The most important source of law is the United States Constitution. All other law falls under and is subordinate to that document. No law may contradict the Constitution. For example, if Congress enacts a statute that conflicts with the Constitution, the Supreme Court may find that law unconstitutional and declare it invalid. Notably, a statute does not disappear automatically merely because it has been found unconstitutional; it must be deleted by a subsequent statute. Many federal and state statutes have remained on the books for decades after they were ruled to be unconstitutional.

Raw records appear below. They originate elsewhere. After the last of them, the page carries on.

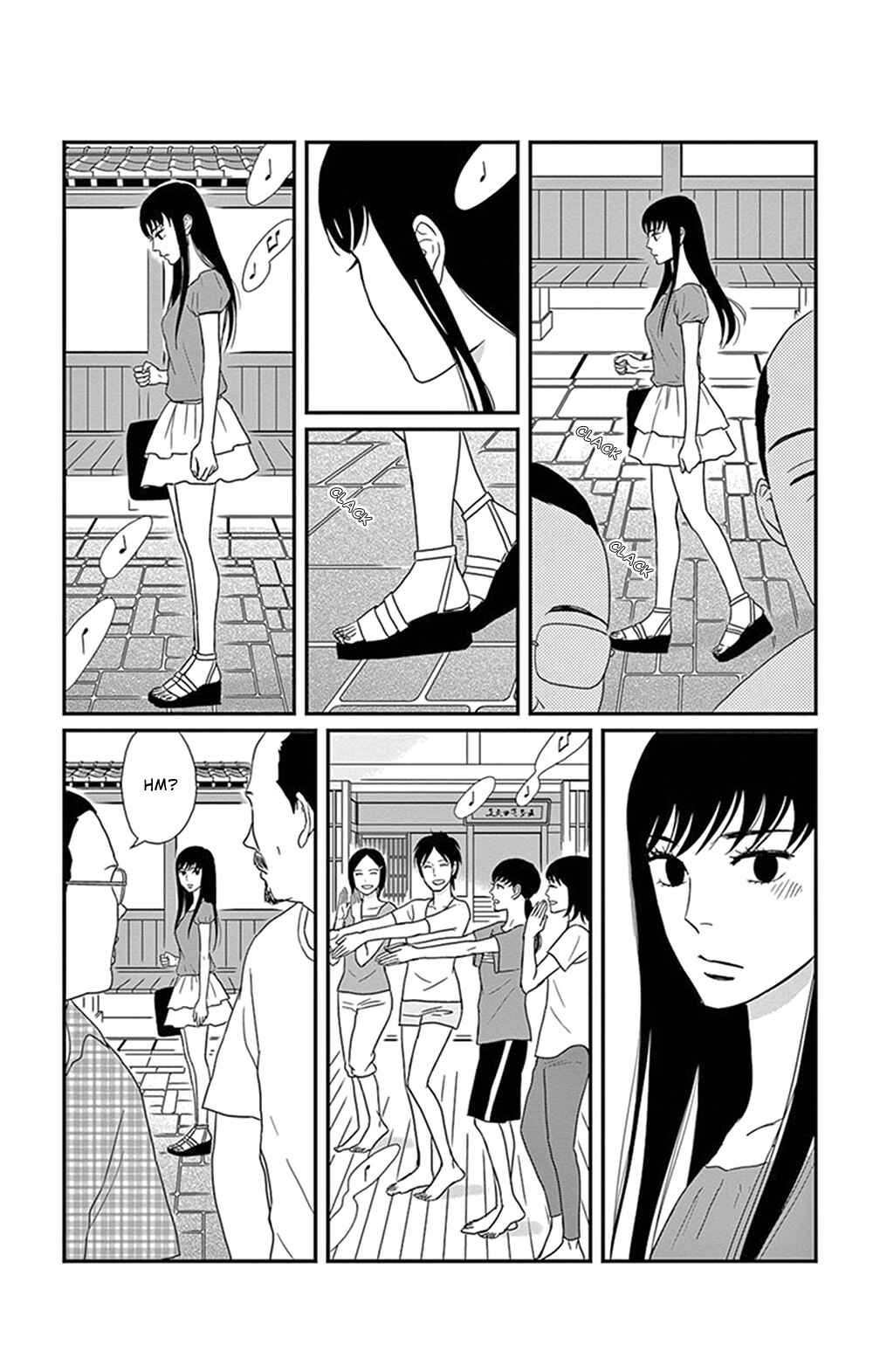 Page 11 Chapter 27 Moonlight Baby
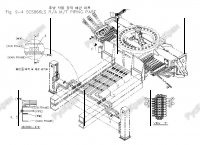 R/A M/T PIPING PART   SOOSAN SCS866 - 8 800 201-15-03  -       Kanglim, Soosan, DongYang, SamYang, HIAB, CS Mashinery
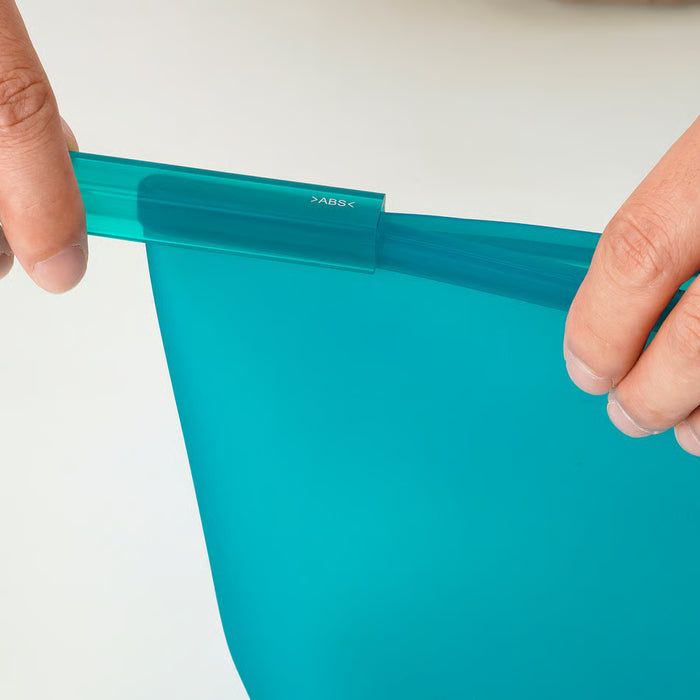 IKEA FILFISK Resealable Bag Set — Zero Spill | Fridge & Freezer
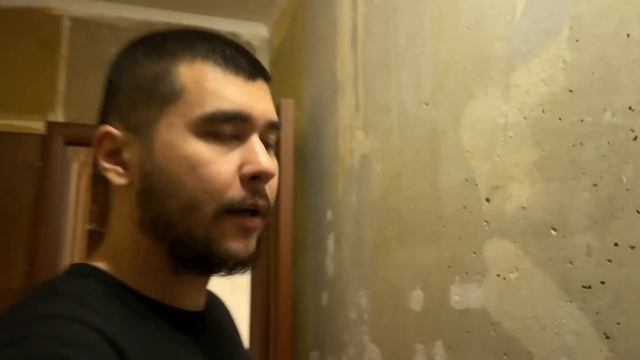 Как шпаклевать мелкие дырки (ублюдки) в стенах. Лайфхак, который работает!!!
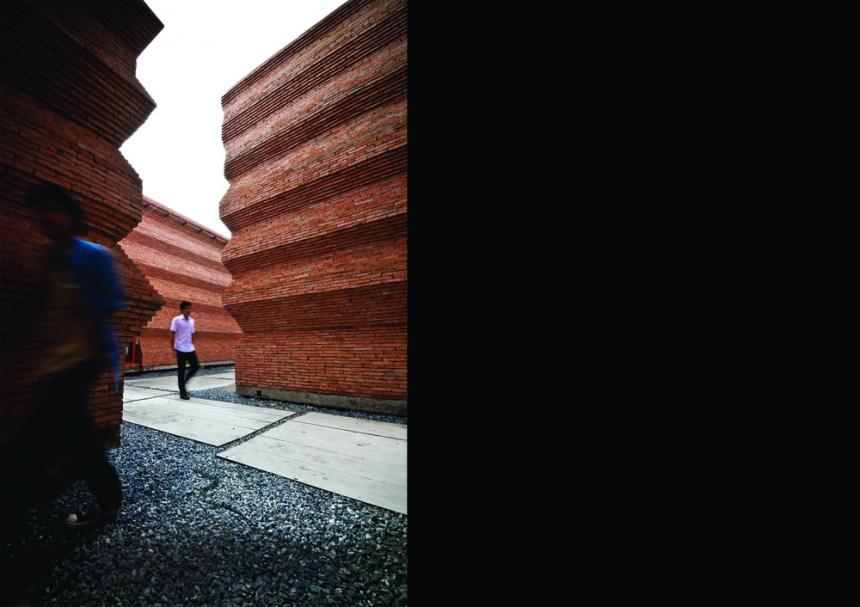 architect footage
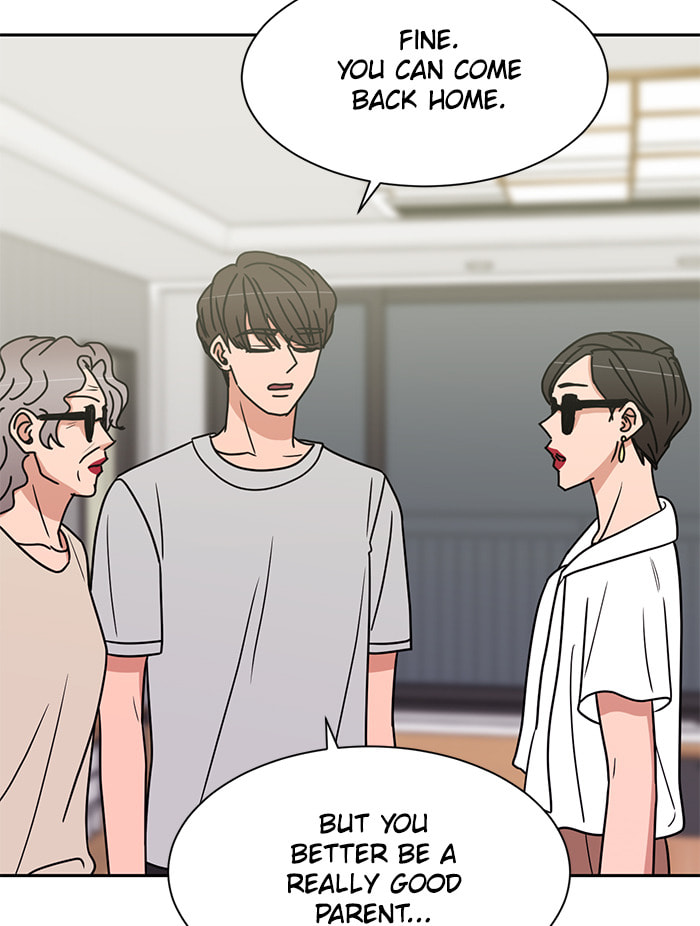 Read Scorching Romance chapter 89 image 20 on Lezhin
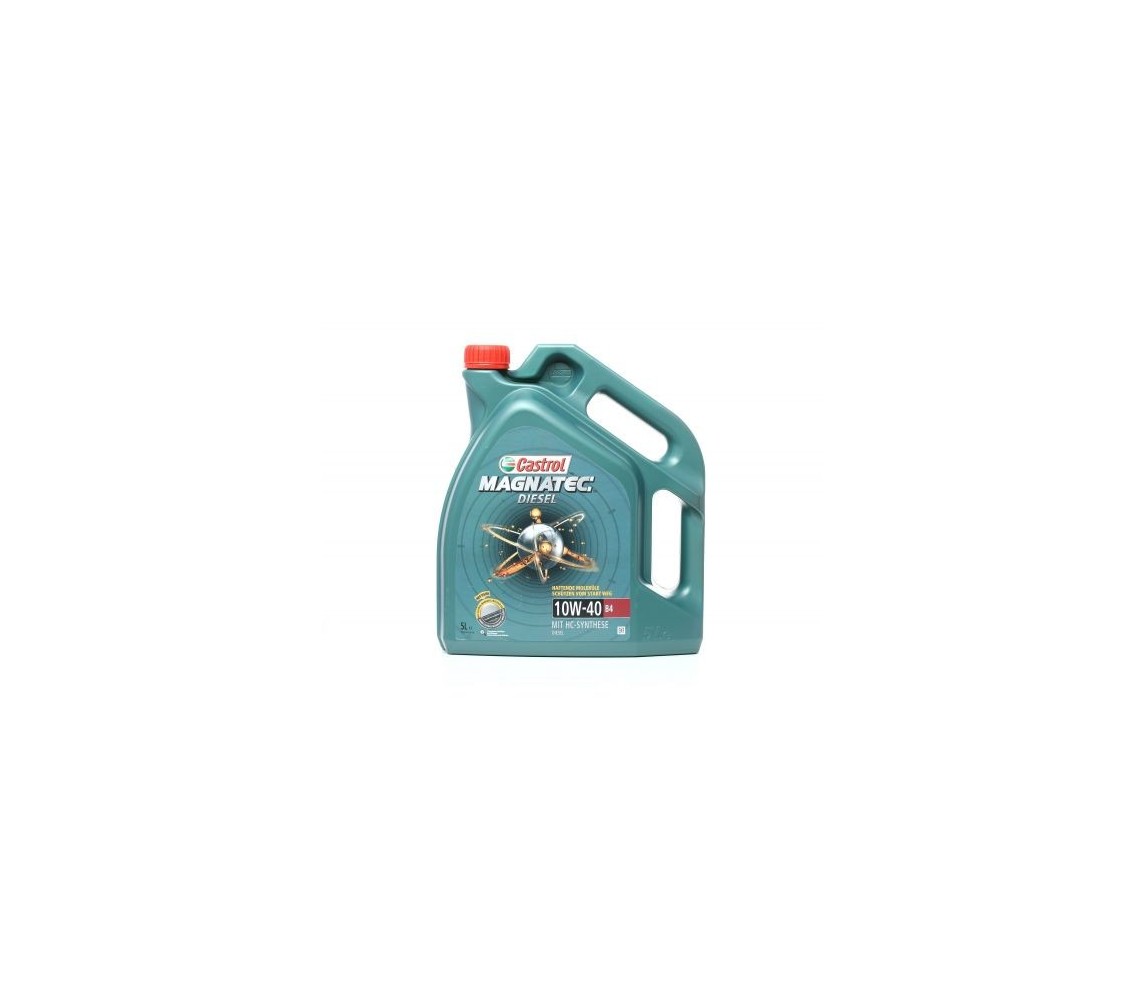 CASTROL 5L Magnatec 10W40 Diesel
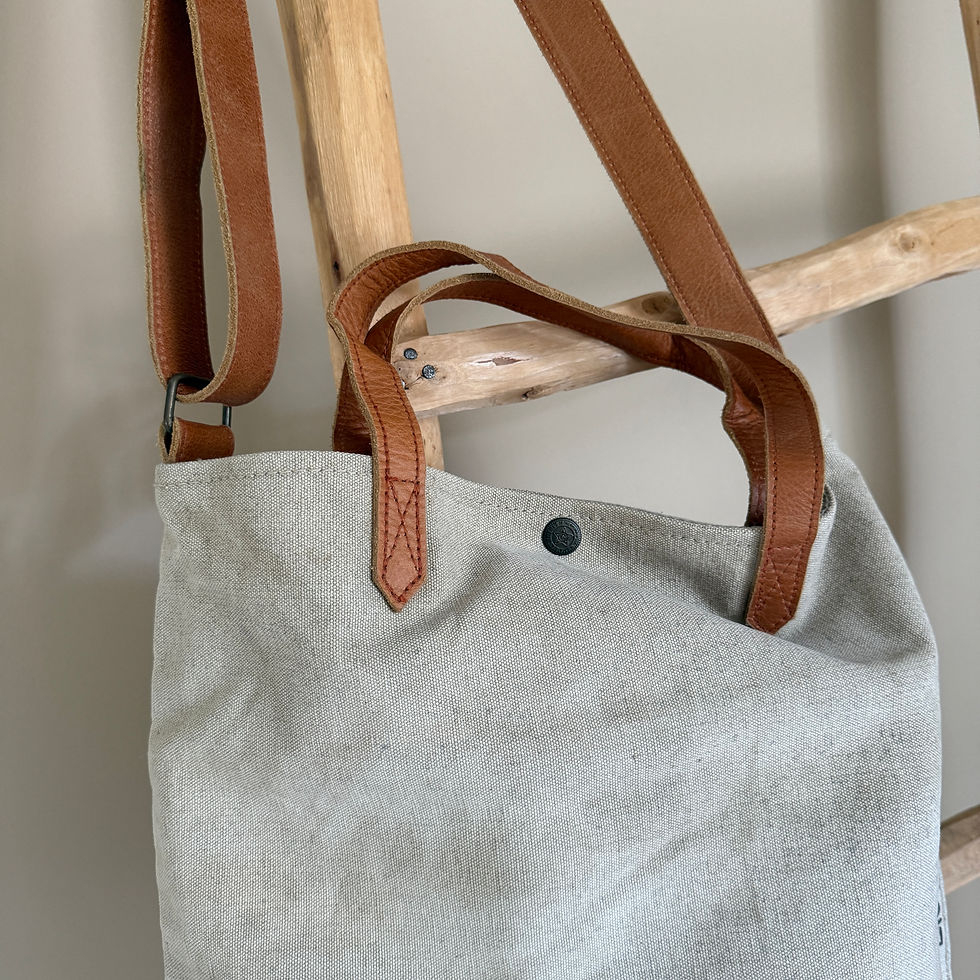 Thumbnail: SALE  Vintage BucketBag nr 3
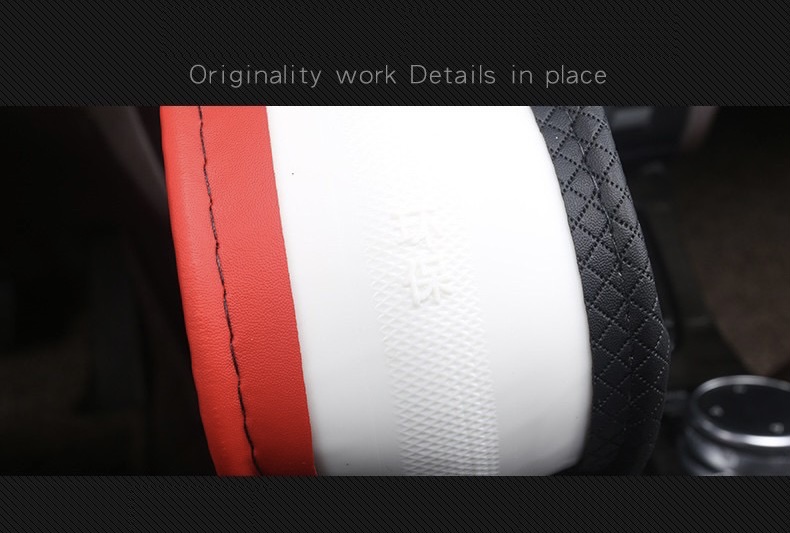 Chất liệu da cao cấp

However, under the principle of stare decisis, no sensible lower court* will enforce an unconstitutional statute, and any court that does so will be reversed by the Supreme Court. Conversely, any court that refuses to enforce a constitutional statute (where such constitutionality has been expressly established in prior cases) will risk reversal by the Supreme Court. (But who reverses the ninnies when they mess up???)

While Blackstone may have talked about rights, he knew full well they could be repealed by Parliament. This is why the language is "bear arms for their own defense, as suitable to their class and as allowed by law". This is the way rights are treated under the English Constitution. Here today and gone tomorrow.

Again, if one uses Blackstone as a source, one knows that the right to bear arms for defence in England (and by extension the UK and other common law countries) is next to nil as well. This is because the right is "as allowed by law". That is it is under regulation by parliament and not as absolute as the language in the Second Amendment. The Founding fathers were well aware of the tenuous nature of rights under the English system, which did not define or quantify natural rights. They believed that adding a Bill of Rights to the Constitution would limit their rights to those listed in the Constitution. This is the primary reason the Ninth Amendment was included.

On June 5, 1788, Patrick Henry spoke before Virginia's ratification convention in opposition to the Constitution: "Is it necessary for your liberty that you should abandon those great rights by the adoption of this system? Is the relinquishment of the trial by jury and the liberty of the press necessary for your liberty? Will the abandonment of your most sacred rights tend to the security of your liberty? Liberty, the greatest of all earthly blessings—give us that precious jewel, and you may take every thing else!"

The founders knew they were setting up a totally new and different system from the English one under the US Constitution.

Of course, as I read more about Scalia's pretensions at "originalism", the more I worry that he is willing to destroy rights willy nilly in the common law fashion. Sod the fact the US Constitution is a written document: he'll tear it up.

But, I would prefer for my elected officials to do that. There is a reason that Royalty and nobility are unconstitutional.

Unless, of course, I am calling the shots here!

* On the other hand, a non-sensical supreme court can do whatever it wishes until whapped over the head.